Sacudir
a dor - chega a Portugal o novo disco de Gal Costa na semana
em que a cantora atua no Porto e em Lisboa
Em
2011, em “Recanto”, dava voz àquilo que qualquer pessoa com mais de 40 anos sente,
de manhã, quando põe o pé fora da cama: “Dói/ Tudo dói.” Depois, em 2015, meses
antes de fazer 70 anos, decidiu chutar a dor, ali, bem para o meio do buraco na
camada de ozono, com “Estratosférica”. Agora, em “A Pele do Futuro”, conforme adianta
à imprensa brasileira, Gal Costa quis “cantar uma música de sofrimento, mas que
ao mesmo tempo que você está cantando, está dançando”, e não é preciso ser herpetólogo
nem teólogo para se dar com a serpente que se insinua, sibilante, por trás desse
seu título. Logo quem. “Jibóia sou eu”, cantava ela em ‘Musa Cabocla’, num
daqueles seus discos, raros, cujo alinhamento acolhia temas que se diriam dispostos
a provocar os que lhes estivessem colocados imediatamente antes ou depois – no
caso, em “Minha Voz” (1982), esses versos de Waly Salomão eram conduzidos pelos
de Caetano Veloso em ‘Dom de Iludir’: “Não me venha falar / Na malícia de toda
mulher/ Cada um sabe a dor/ E a delícia de ser o que é”, numa canção que
curiosamente remetia para outra muito mais antiga, de Noel Rosa, oriunda dos anos
30. Era mais ou menos com isso que nessa altura Walter Benjamin sonhava ao sugerir
que “passado, presente e futuro são tempos sobrepostos”, e é por partilhar
dessa intuição que Marcus Preto, diretor artístico de “A Pele do Futuro”, afirma
agora que “os tempos seguem cronologia peculiar e se cruzam a todo instante.” Do
mesmo modo, Gal disse que o disco é como “olhar para frente, mas também para trás”, coisa
que, como se sabe, tem corrido mal à música ocidental desde Orfeu.

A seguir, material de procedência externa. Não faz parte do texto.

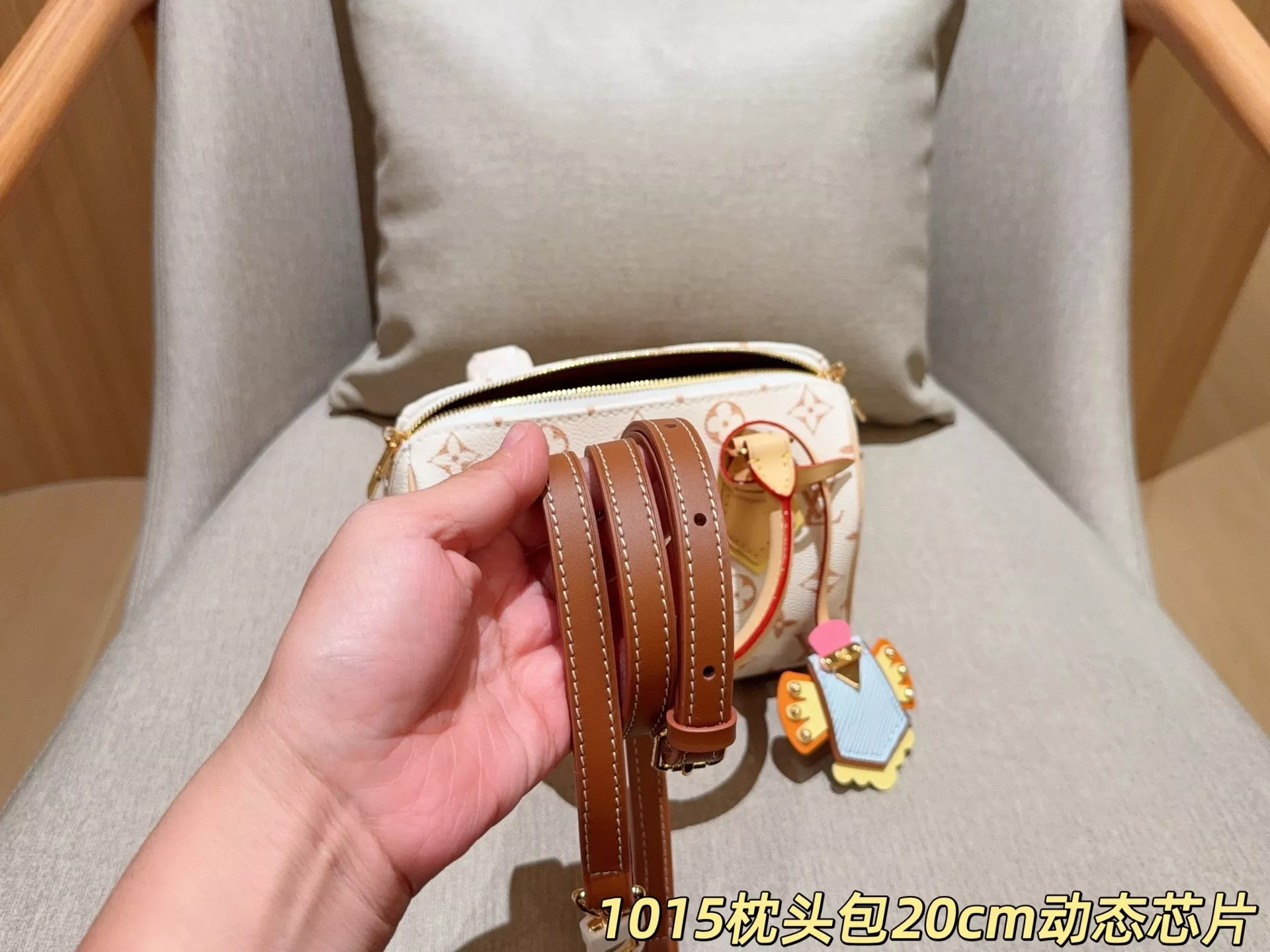 루이비통 스피디 20 사구색 모노그램 필로우 토트백 상세 이미지 17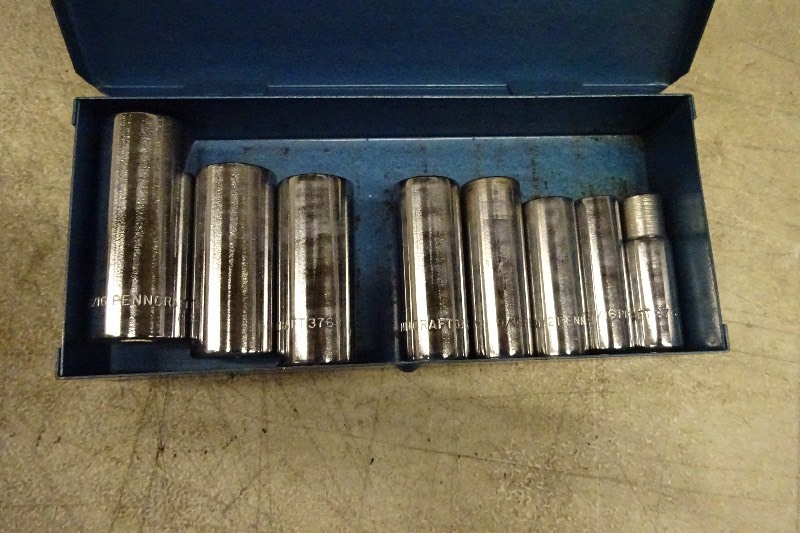 lot 49 image: Penncraft socket set
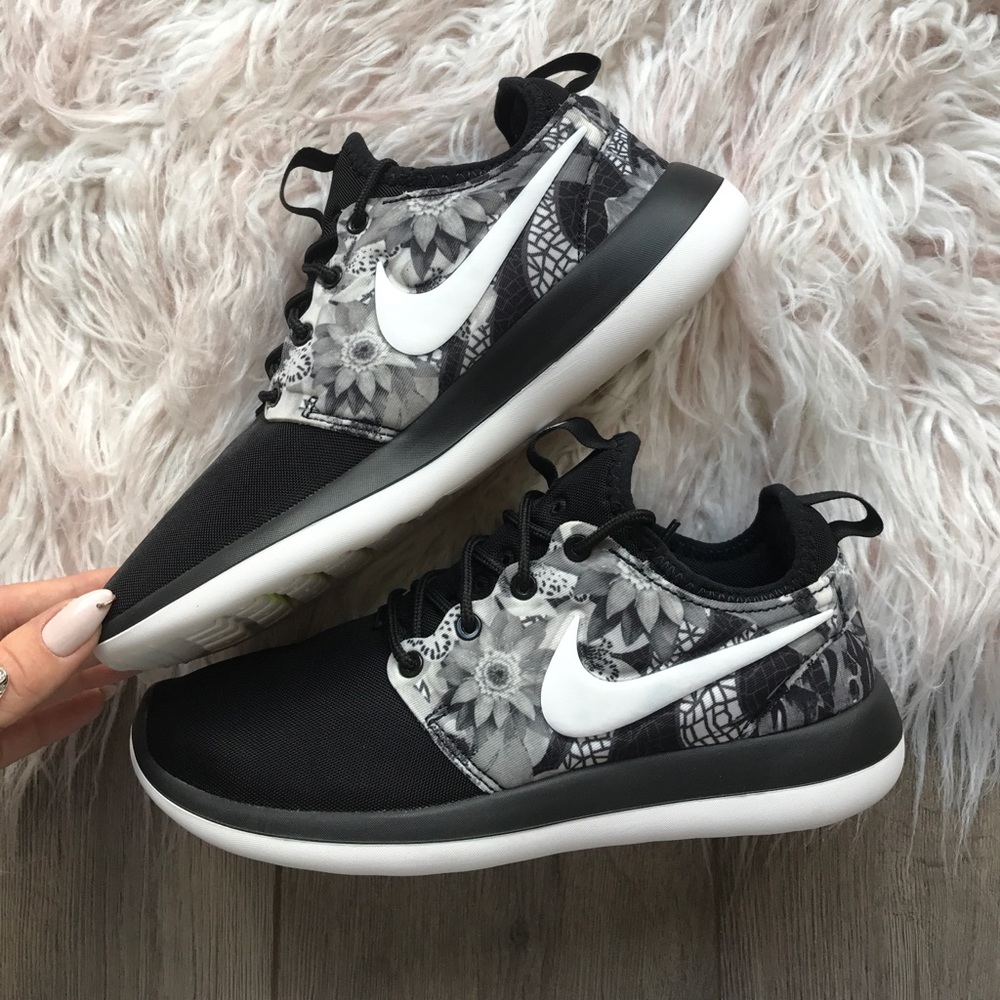 NWT Nike ID Roshe Two Black Floral 🐼 - Picture 5 of 7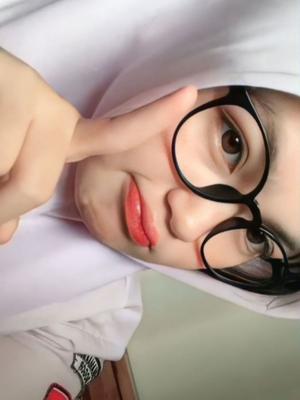 terlukis indah raut 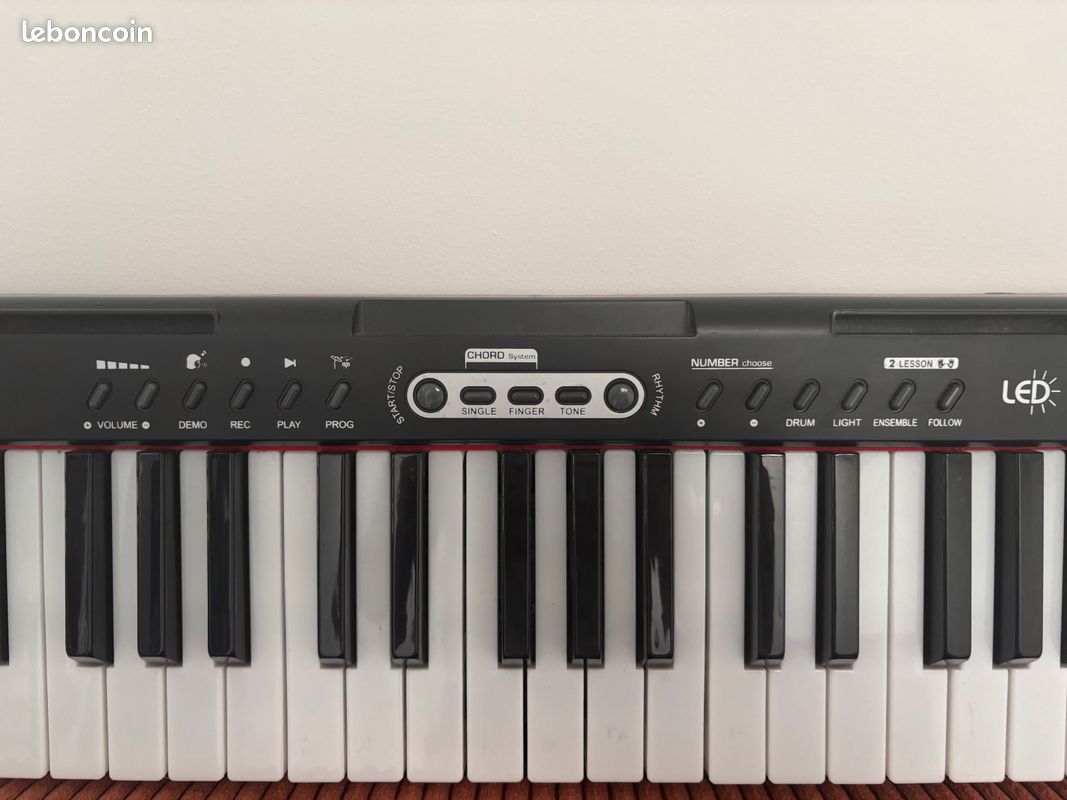 Piano (image 2)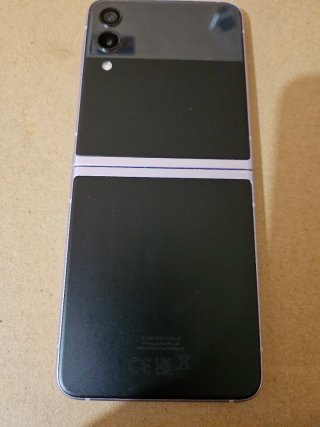 Samsung galaxy Z Flip 3 128Gb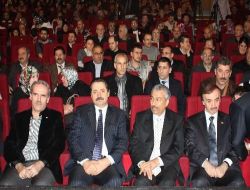 Bakan Çelik: "Yeni Müfredatı 2011-2012 Eğitim Yılında Çocuklarımıza Sunacağız"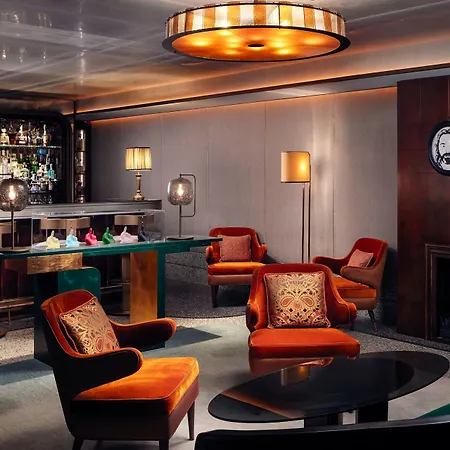 The St. Regis Отель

Mas Gal, como Caetano, habita um “ocidente ao ocidente do ocidente” e
sabe contrapor um mito a outro como quem num álbum põe uma canção a seguir à
outra – aqui, terá preferido antes pensar em Perseu, que evitou ser
transformado em pedra pelo olhar de Medusa ao observá-la só pelo reflexo do seu
escudo. É que, como tem contado, a ideia para o disco surgiu quando o filho lhe “entrou pelo
quarto com Gloria Gaynor cantando ‘I Will Survive’ e disse: ‘Mamãe, duvido
que você conheça!’” Enganava-se, claro. Mas foi quando ouviu o desabafo que há
40 anos converte nas pistas de dança gente em estátuas de Rodin – “At first I
was afraid, I was petrified/ Kept thinking I could never live without you by my
side/ But then I spent so many nights thinking how you did me wrong/ And I grew
strong” – que Gal entendeu que, quanto muito, podia ver o passado refletido
numa bola de espelhos. De facto, o melhor de “A Pele do Futuro” é uma variação
sobre o tema em registo ora disco sound,
ora quiet storm: “Você vale a luta/ Mas
por favor, meu amor, me escuta/ Viver comigo vive sim/ Mas também vive sem mim”,
em ‘Sublime’ (Dani Black); “Fomos felizes/ E felizes fomos/ E se já não somos/ Não
se preocupe não”, em ‘Palavras no Corpo’ (Silva/Omar Salomão); “Amar sozinho
também é amor”, em ‘Cuidando de Longe’ (Marília Mendonça); “Vou seguir a minha
vida/ Não sou mais uma menina/ Tenho que enfrentar o mal/ Seja lá qual for/ Me
fortalecer na dor”, em ‘Vida que Segue’ (Hyldon), etc. Isto é Gal no seu
terreno predileto, que é aquele que os Earth, Wind & Fire apelidaram de
‘Boogie Wonderland’ ao refletir exatamente sobre as mesmíssimas coisas: “The
mirror stares you in the face/ And says: Baby, uh, uh, it don't work/ You say
your prayers though you don't care/ You dance and shake the hurt.” Nem mais.